L’Algérie est-elle en train de devenir un piège mortel pour les migrants ouest-africains refoulés de l’enfer libyen ou en partance vers un hypothétique eldorado européen ?
A cette question qui n’est plus tabou, il est difficile de répondre autrement que par l’affirmative. Au regard des derniers développements de la crise migratoire et en violation flagrante de son devoir de solidarité et d’assistance fraternelle à des personnes en détresse, l’Algérie pratique à leur encontre ce qu’on pourrait qualifier, sans excès de langage, d’embastillement, de séquestration, de maltraitance et de déportation. N’ayons pas peur des mots ; ils ont leur sens et ce n’est pas de gaieté de cœur qu’on alignerait autant d’expressions fortement connotées qui rappellent le triste souvenir de la barbarie humaine du siècle dernier.
Les témoignages de ces hommes et femmes – parfois en familles -, ballotés des confins du Sahara aux rivages méditerranéens et de Charybde en Scylla, sont émaillés de récits dont il ressort que, outre les violences habituelles exercées à leur encontre par les passeurs, ils sont en plus traqués, humiliés, dépouillées de leurs biens et traités comme des sous-êtres par la force publique algérienne.
Apparemment, ce pays prendrait du plaisir à expérimenter une nouvelle forme de racisme d’État qui lui permettrait, le temps d’un feu de paille et pas plus, de détourner l’attention de son opinion de la grave crise socio-économique et politique qui couve depuis plusieurs mois, et dont tout le monde sait qu’elle pourrait déboucher sur une explosion sociale aux conséquences incalculables.

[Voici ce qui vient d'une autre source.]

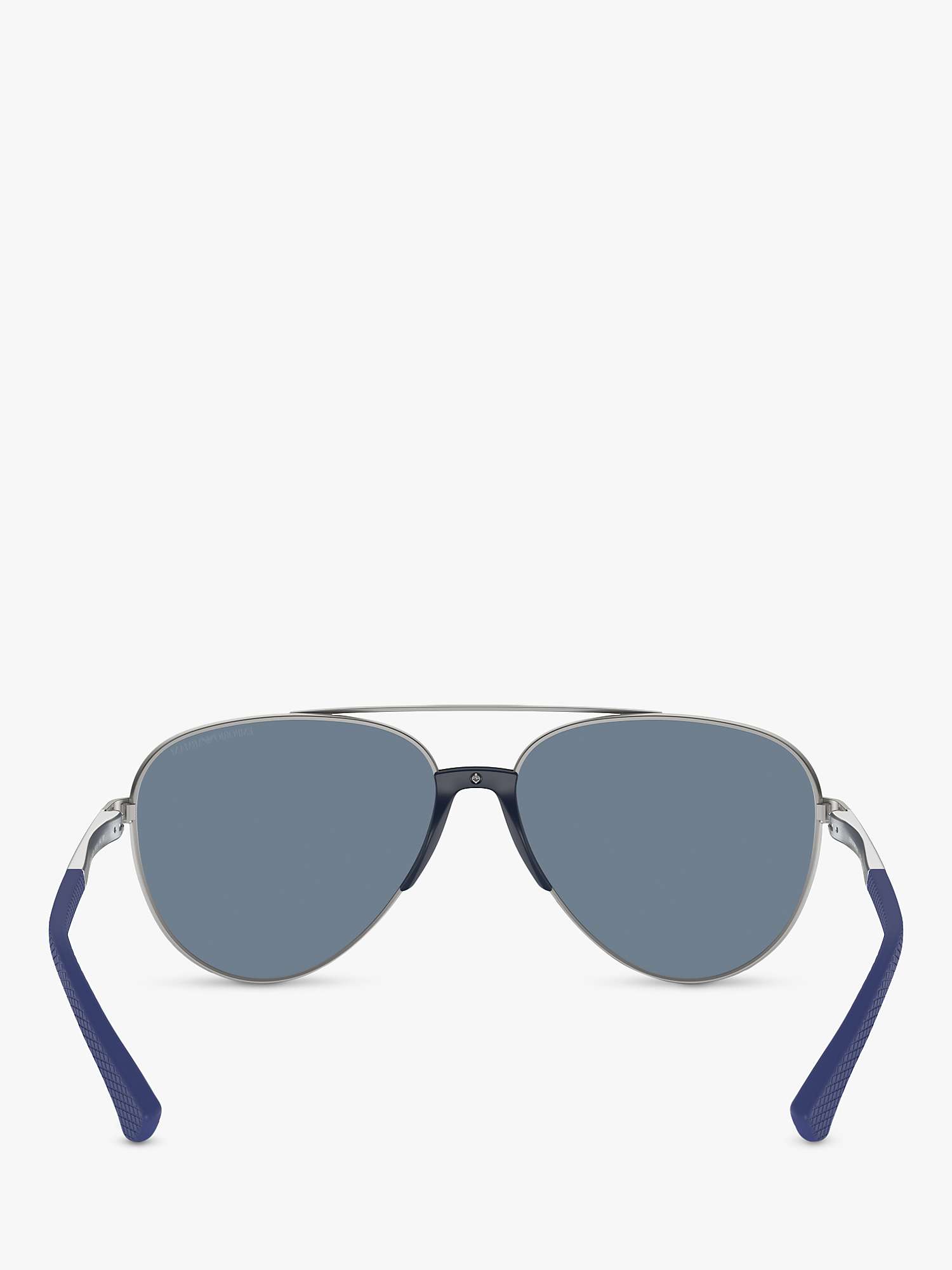 Buy Emporio Armani EA2059 Men's Polarised Aviator Sunglasses, Matte Silver/Blue Online at johnlewis.com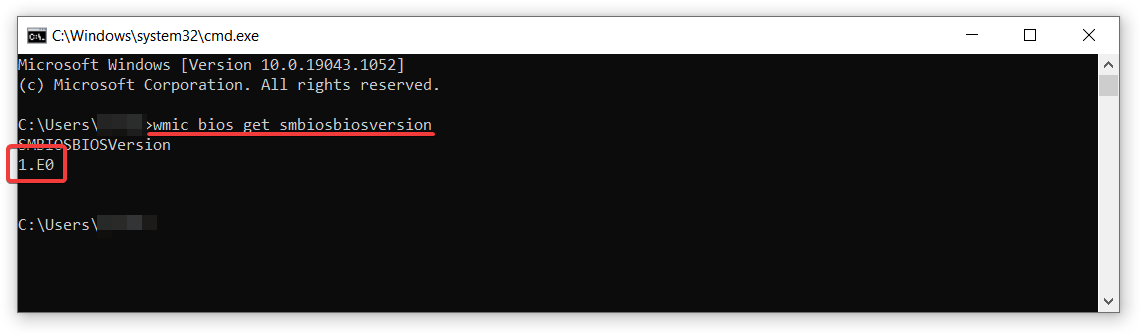 obtener la versión de bios cmd
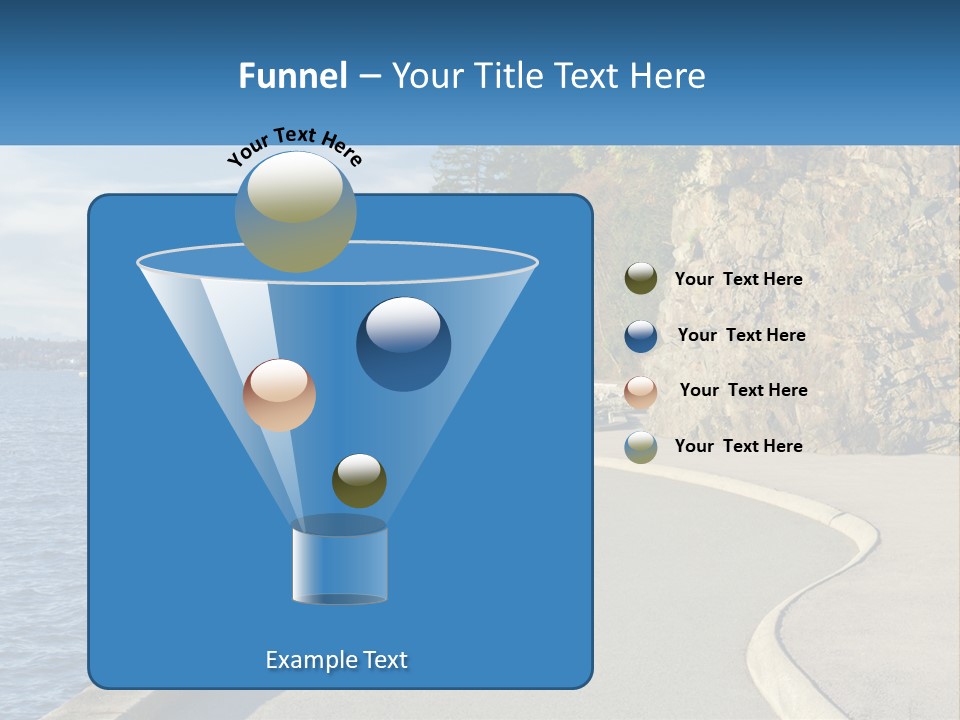 A Paved Road Next To A Body Of Water PowerPoint Template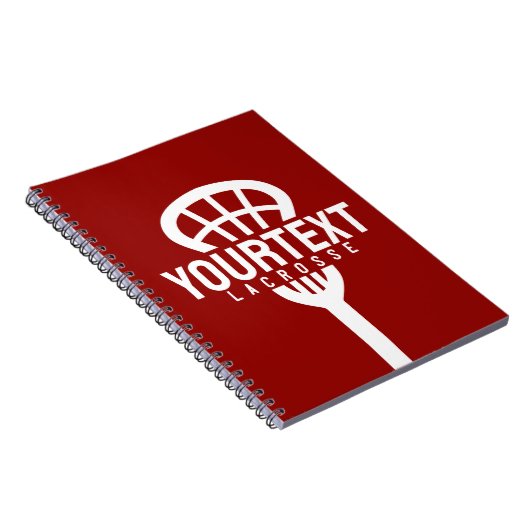 Lacrosse Player CUSTOM TEXT Team Mesh Sport Stick Notitieboek (Rechterzijde)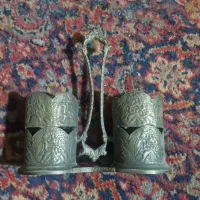 جای قاشق و چنگال برنجی عتیقه آنتیک دکوری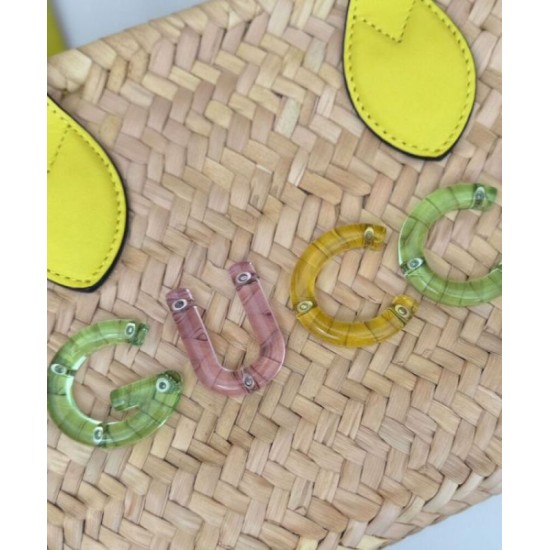 Fake Gucci Mini Straw Tote With Gucci Logo 782381 Yellow Replica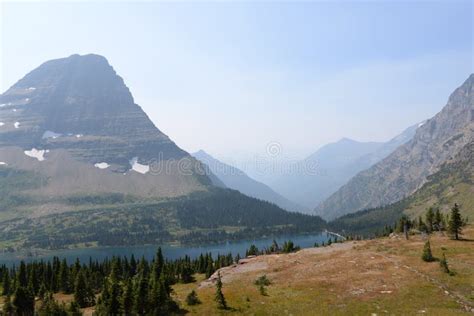 Hidden Lake Trail In Glacier National Park Usa Stock Image Image Of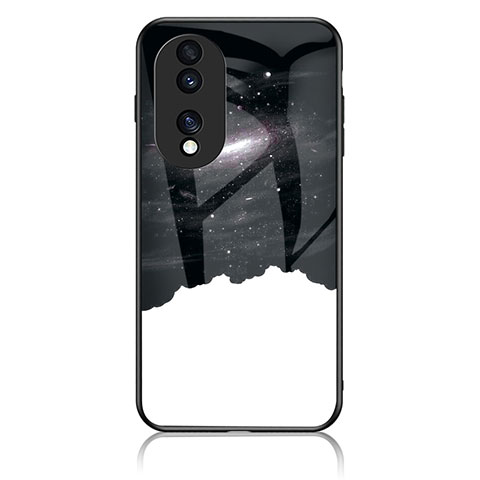 Coque Contour Silicone et Vitre Motif Fantaisie Miroir Etui Housse LS1 pour Huawei Honor 70 Pro 5G Noir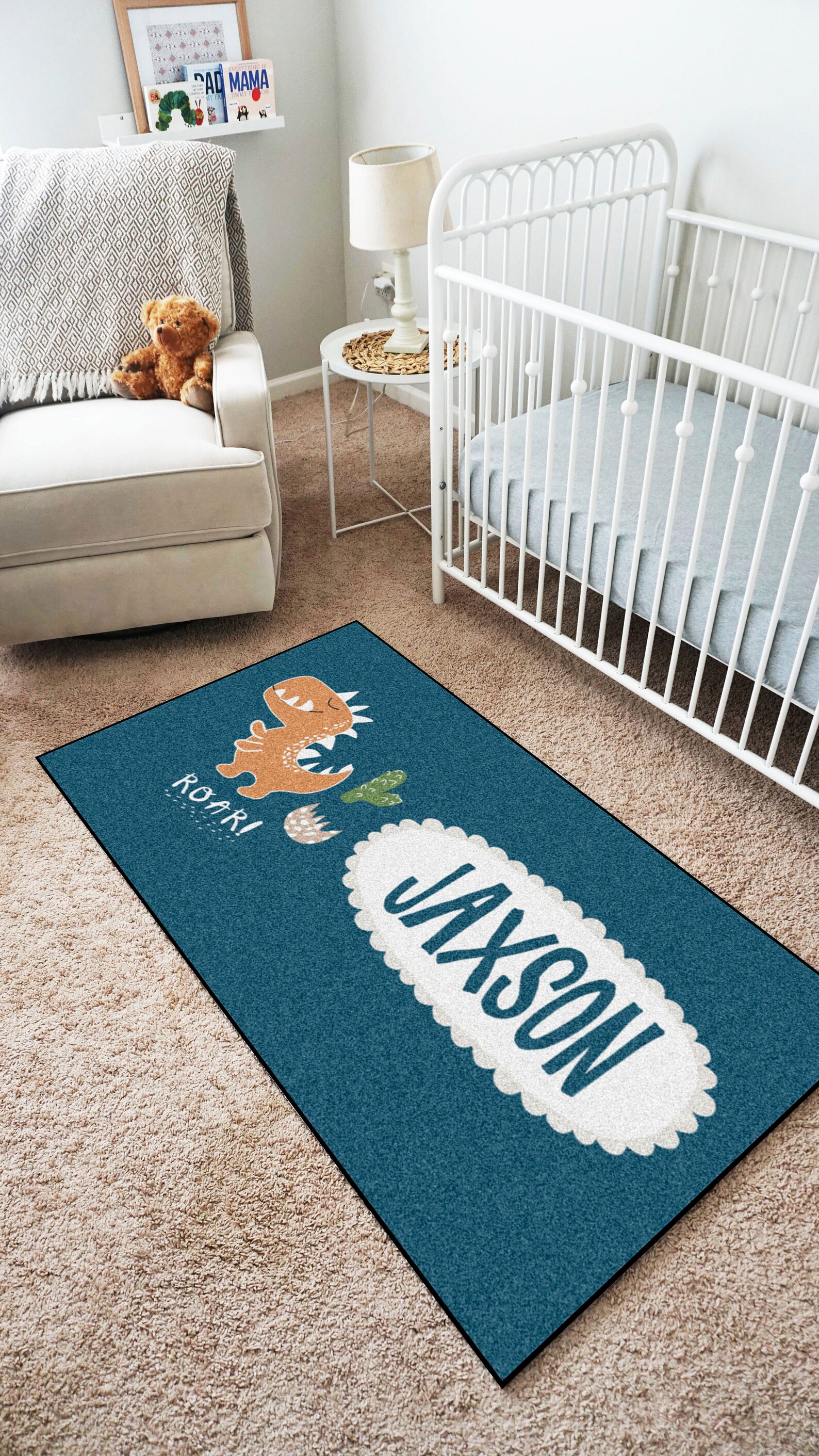 Dino ROAR Character Rug Personalized Nursery Rug Multiple Etsy
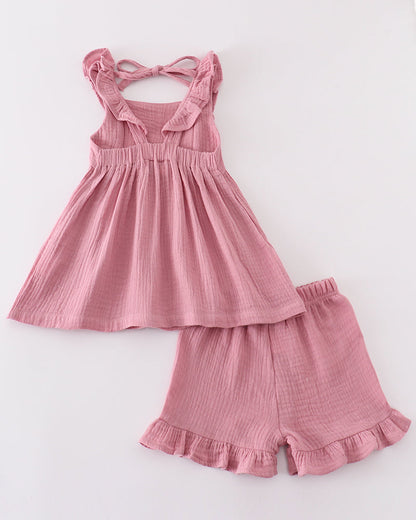 Muslin Mauve Ruffle Girl Shorts Set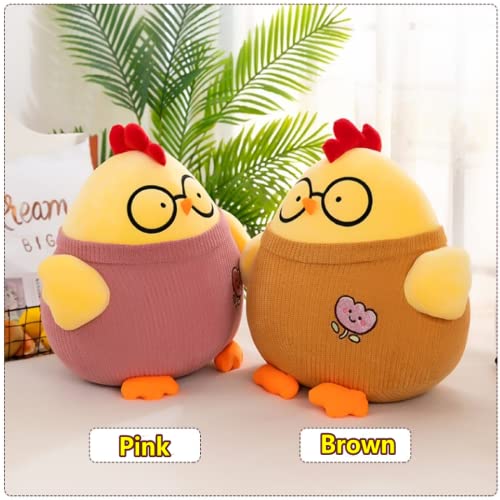 Almohada De Muñeco De Peluche De Pollo De Dibujos Animados, Regalo para Niñas, Lindo Pollo Ragdoll con Gafas, Almohada para Sofá, Juguetes De Peluche para Niños, Decoración para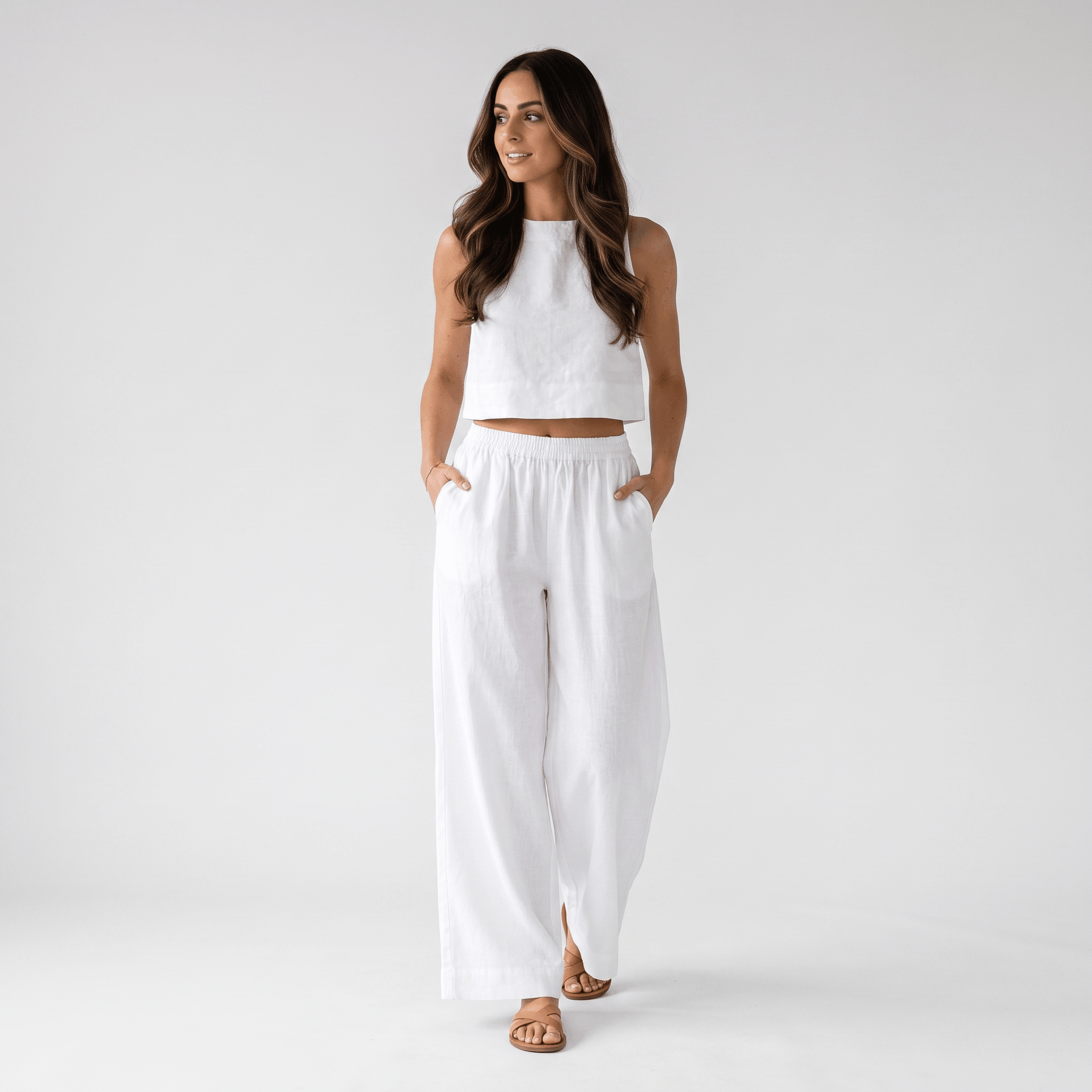 Maria Linen Blend Trouser Set – Sleeveless Cropped Top Wide-Leg Ensemble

Au motif qu’elle défend ses frontières contre des groupes terroristes qui sont en réalité, secret de Polichinelle, des Monstres de Frankenstein, l’Algérie organise depuis plusieurs semaines voire des mois, une chasse systématique et méthodique aux Noirs.
Jusque-là, les Etats africains au Sud du Sahara dont les nationaux sont ainsi pris au piège, « observent la situation avec préoccupation ». Qu’on ne s’y trompe pas ! Cette formulation diplomatique policée est habituellement utilisée pour parler de situations graves. Dans une autre phase, les diplomates algériens en poste dans ces pays pourraient être convoqués aux Ministères en charge des Affaires étrangères ou de la Coopération pour s’entendre dire qu’une ligne rouge est atteinte ou le sera. Enfin, ultime moment, des émissaires de ces pays afflueraient à Alger, porteurs de messages, pour exprimer, là-aussi, la « préoccupation » de leurs autorités respectives.
Des pays comme le Mali, le Niger, le Sénégal ou le Burkina Faso qui sont en première ligne, n’ont pas d’autre choix que de donner un gage à leurs opinions nationales respectives qui ne s’embarrassent guère de formules diplomatiques ampoulées pour crier leur désarroi et leur colère. Ces opinions sont drivées par des collectifs qui bougent et organisent des conférences de presse et mettent la pression sur le pouvoir politique. Ainsi de trois organisations maliennes qui ont co-animé une conférence de presse le 21 octobre dernier à Bamako pour « protester contre la maltraitance de [nos] compatriotes par les autorités algériennes et libyennes et inviter le gouvernement à sortir de son silence et inactivité ». Ces organisations sont le Conseil Supérieur de la Diaspora Malienne (CSDM), le Front International des Sociétés civiles Panafricain (FISPA) et l’Association Malienne des Expulsés (AME). Leurs propos sont souvent si durs que nous n’osons pas les reproduire.
Non seulement les gouvernements africains entendent cette grogne et ces suppliques de leur rue, mais en plus, ils agissent aussi concrètement pour leur apporter des réponses appropriées. En effet, le gouvernement de Bamako a annoncé récemment avoir organisé carrément des convois de bus pour extraire certains de ses nationaux du bourbier algérien et s’apprête à mettre en place un pont aérien à cette même fin. Et d’autres pays prennent des initiatives similaires pour tenter de soulager la souffrance de leurs ressortissants qui traversent un vrai cauchemar en Algérie.
A s’y méprendre, on se croirait revenu aux tristes années 70 et 80 où, sur le continent, quelques pays avaient expulsé massivement des étrangers, simples boucs émissaires d’une crise qui leur était totalement étrangère.